Thursday, April 14, 2011

White power from Sine-Qua-Non

Sine Qua Non is much more famous for their stunning reds of Grenache and Syrah, than their whites. A reason for that is that the reds are slightly better and more complex, another that the production of the whites is much smaller, hence the rarity to find them. However, the reds are not more impressive than the whites – the latter are wines of great power and intensity, wines with as much personality as concentration, depth and length. These are not wines for those who seeks finnesse and fine tuned fragrance.
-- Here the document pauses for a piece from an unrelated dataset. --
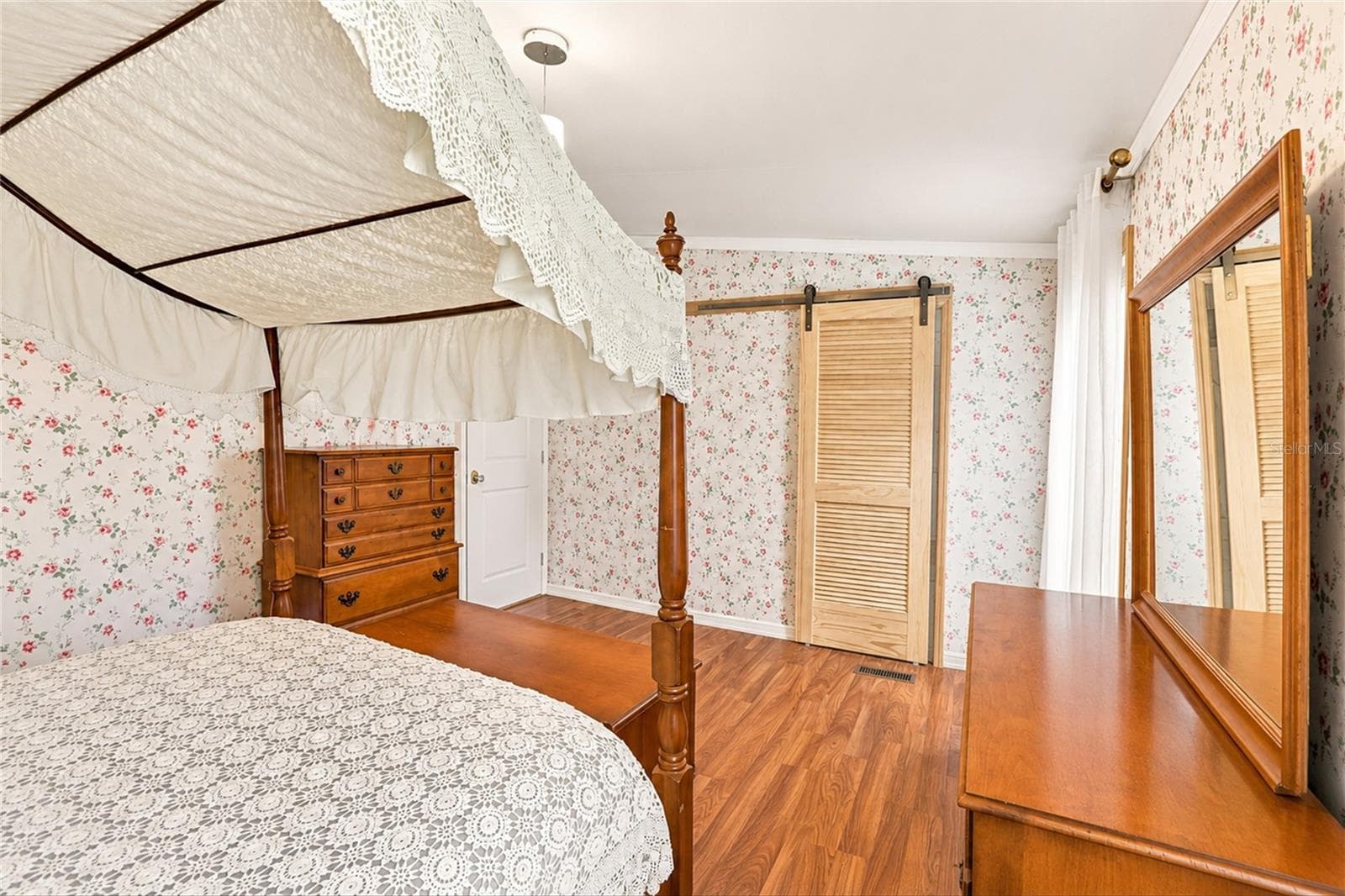 Primary Bedroom - 1 POINSETTIA DR, FORT MYERS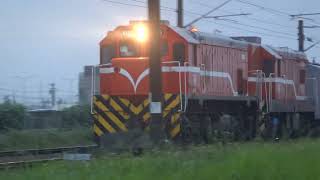 03/23/2022 台鐵 7201次 散裝貨列 本務R156柴電機車 回送R31柴電機車 石龜通過 / TRA EMD G22-CU+G12 leading manifest train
These wines are true power, yet with elegance.
While Manfred Krankl crafts his reds from either Grenache or Syrah with small proportions of the other, the cuvée of the whites is more various. The blend may be based on Roussanne (most of the times) or Chardonnay, but there’s almost always an important fraction of Viognier to add floral notes and spiciness to the blend. Every vintage will be different, and the spectrum of flavors and texture is much more various from vintage to vintage, compared to the evenness of the reds, if one compares several vintages of those. Grapes are mostly sourced from Alban Vineyard in Edna Valley, a great source of white Rhône varieties, and the juice is always fermented in new French oak barrels. One thing that surprises, is that Californian whites normally is at its best when served at around 12 degrees, but in the case of the Sine Qua Non whites, I’ve often noticed that they benefit from decanting (2-3 hours) and a serving temperature of 14-16 degrees.
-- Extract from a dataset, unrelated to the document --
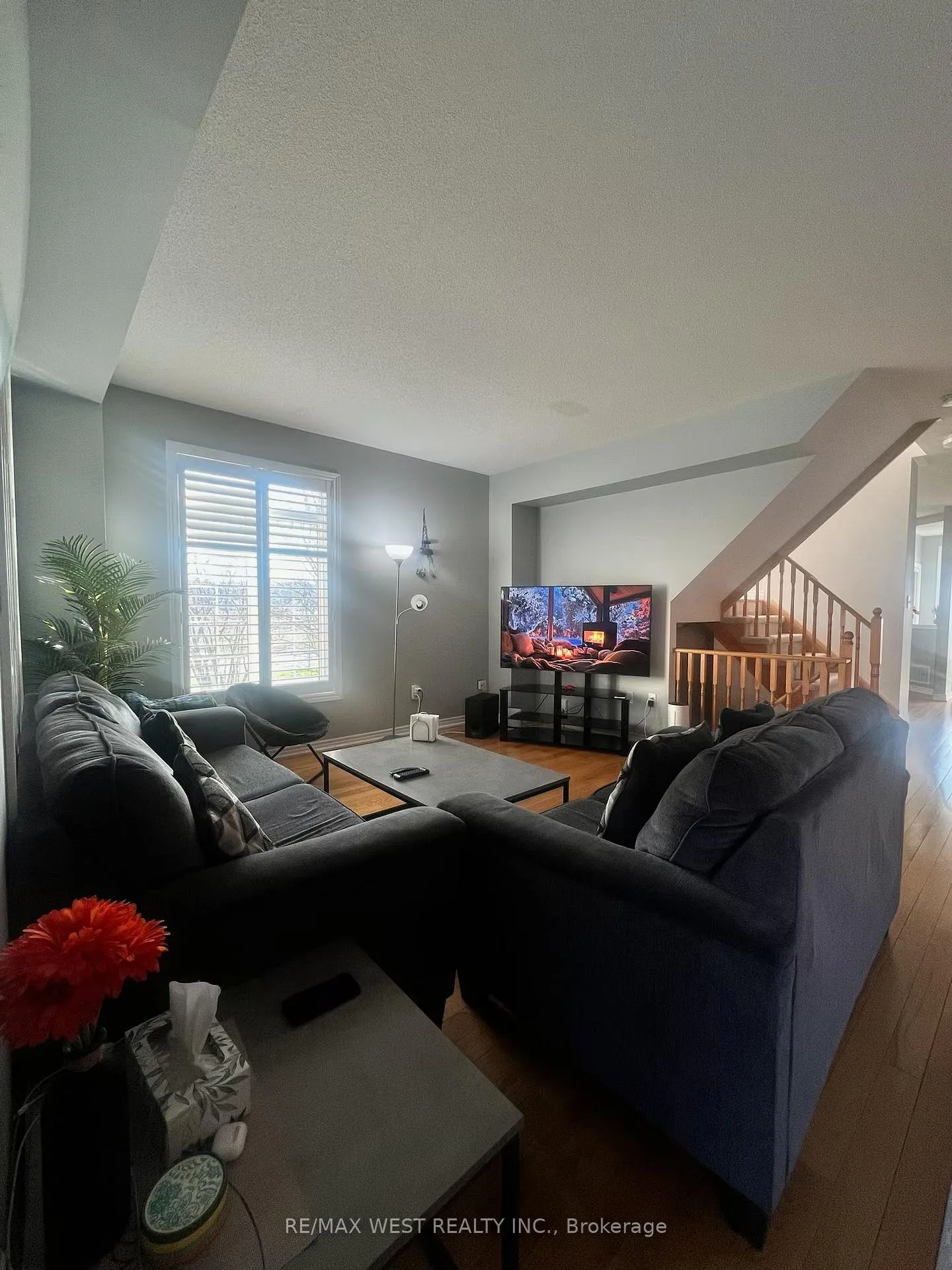 Photo 4 of 4 Raintree Drive, Hamilton, Stoney Creek — HOMEH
2006 The Hoodoo Man / 93-94 p
This cuvée, 39 percent of Roussanne and the rest to me an unknown blend of Chardonnay and Viognier, is golden straw, and since not filtered, slightly hazy. As all white SQN’s, this one is ripe and very intense with lovely floral notes (violets and lilies, and lavender) as well as a licorice spiciness, vanilla sweetness and slightly roasted notes from the oak. I most cases, I find the oak to be too loud, but thanks to the intensity, it’s pretty well integrated here. On the palate, it’s full bodied and fruit forward, slightly sweet at first, but with a lovely acidity that lingers longer than the sweetness last, but in the long finish there’s a bit too warm alcohol that lower the score a bit. Still, it’s a delicious wine with a great personality and a very long taste with notes of sweet lemon and flowers. When served, at first it was more sweet and powerful than elegant, but after two hours in the decanter, it really showed just great! A serving temperature at around 14 degrees is recommended, but after tasting the wine five hours after it was decanted, it tastes just great at 18 degrees! I suppose this tells me the wine will benefit from another year or two in the bottle. Drink it 2011-2016.
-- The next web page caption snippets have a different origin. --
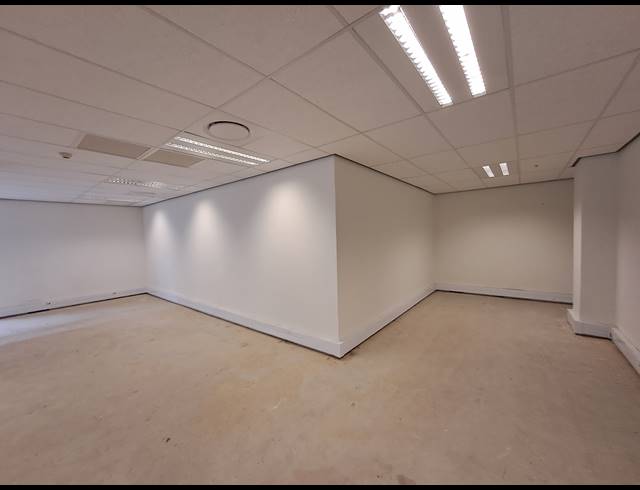 310M² OFFICE TO LET IN ILLOVO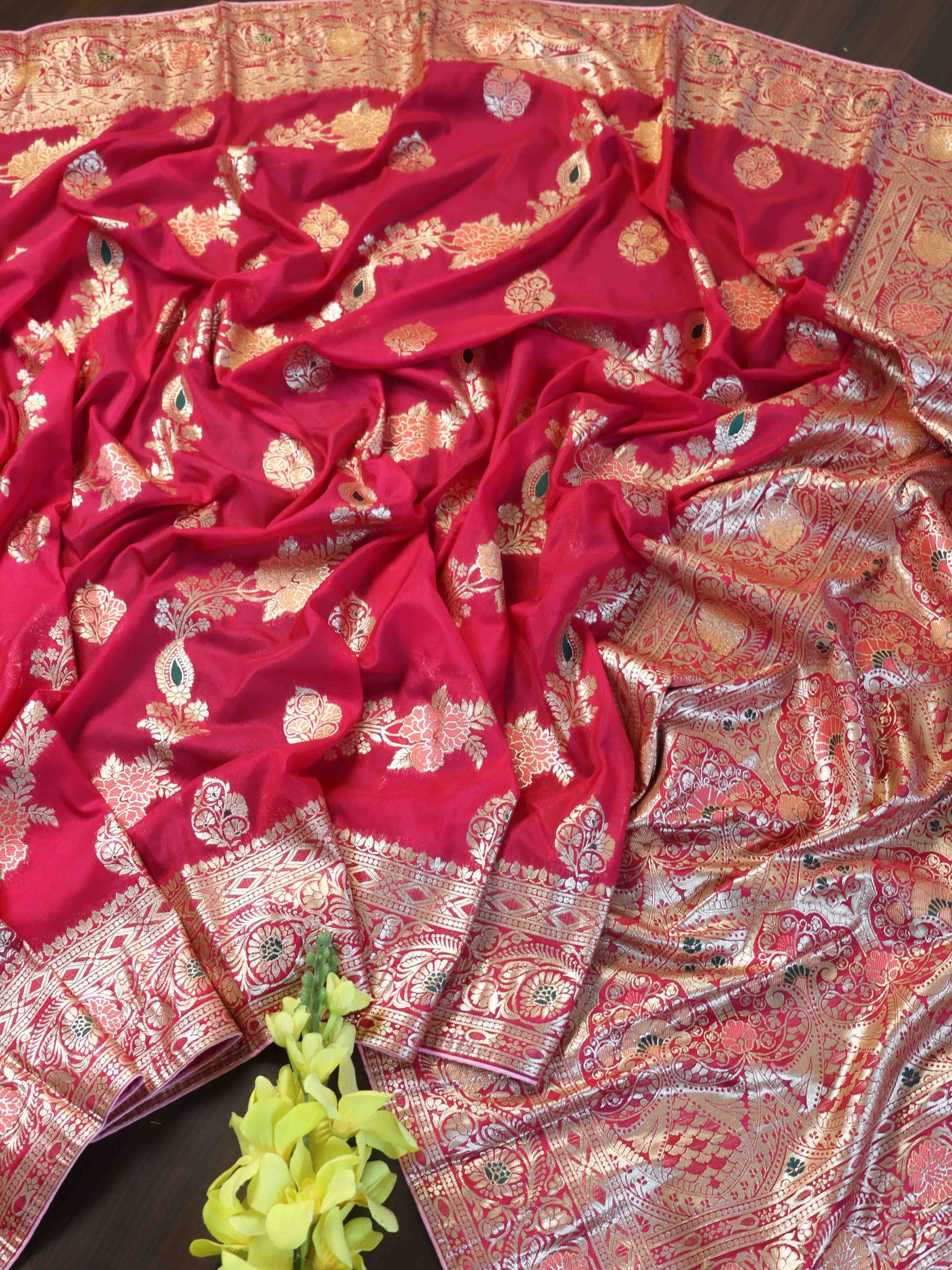 Cream White Silk Saree with Floral Prints and Contrasting Pink Zari Border main image 1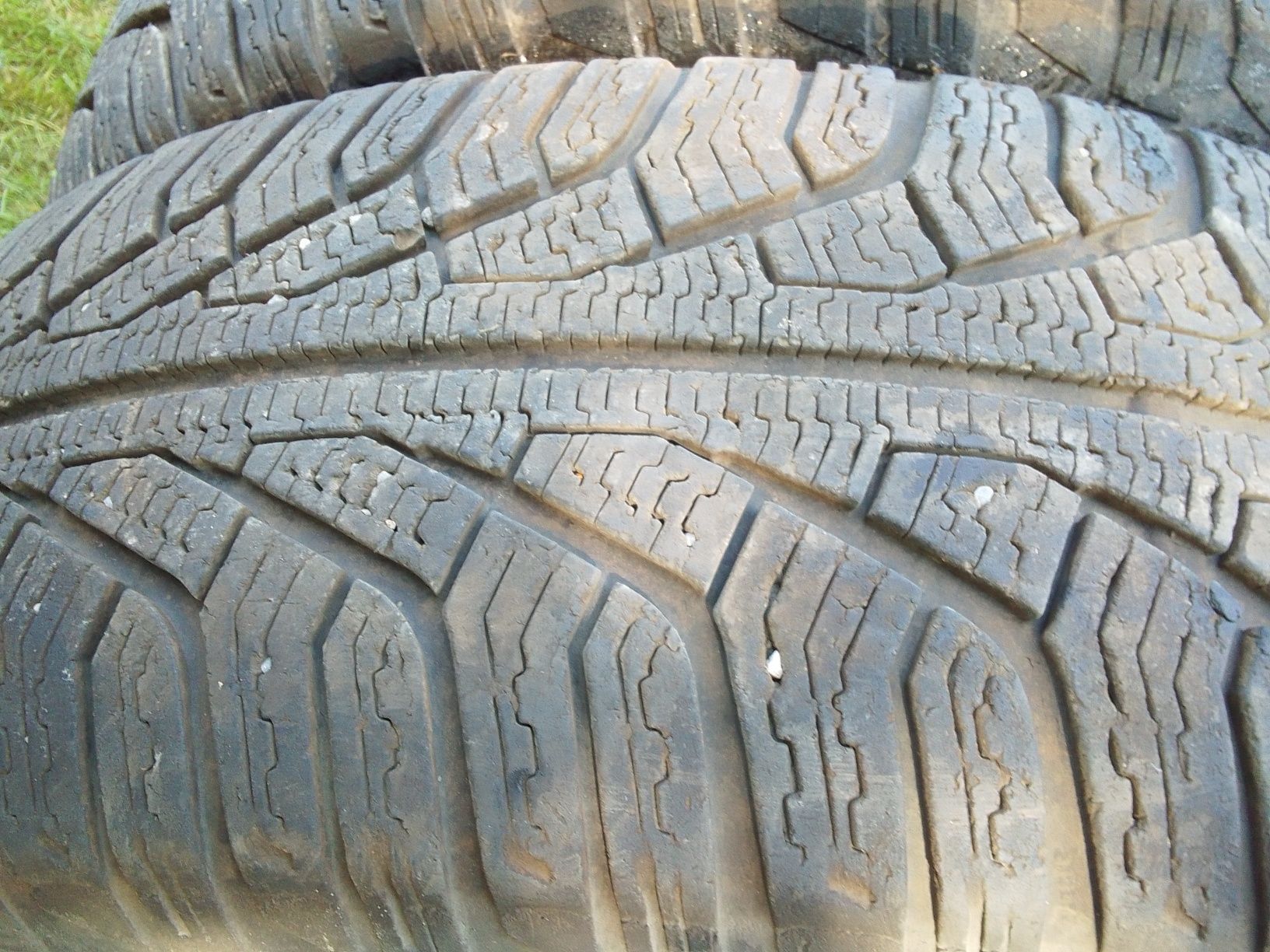 2 Opony zimowe 215/65r16 UNIROYAL 2020r 5.5mm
2003 Sublime Isolation / 93 p
All grapes in this cuvée, 44 percent Chardonnay with 37 percent Roussanne and 19 percent Viognier, were sourced from the great Alban Vineyard in Edna Valley. I’ve tasted it several times before, and always liked it because it richness and honey notes, but even though the fine notes of violets, I noted this time that the oak was a bit more present than last time. Yes, it may depend on the bottle – this one may have been kept a bit warmer and therefore matured a bit quicker. At least the small note of yellow apples tells me so. Still there are enough floral notes to add elegance, and given the fact that it evolved just fine with four hours in the decanter, it’s not in any way over the top. It’s just the vintage that’s a bit more rustic than the 2006 tasted the same time. On the palate, it ripe and rich, loaded with sweet citrus notes and honey flavor, the acidity is lively and surprisingly fresh (especially after the initial sweetness has faded away after decanting), and there’s also an almost tannic sensation in the long, lingering aftertaste. I actually liked more after some hours of air, than directly from the bottle. Serve it at 12-16 degrees, depending on your tolerance for temperatures and power. Drink it 2011-2014.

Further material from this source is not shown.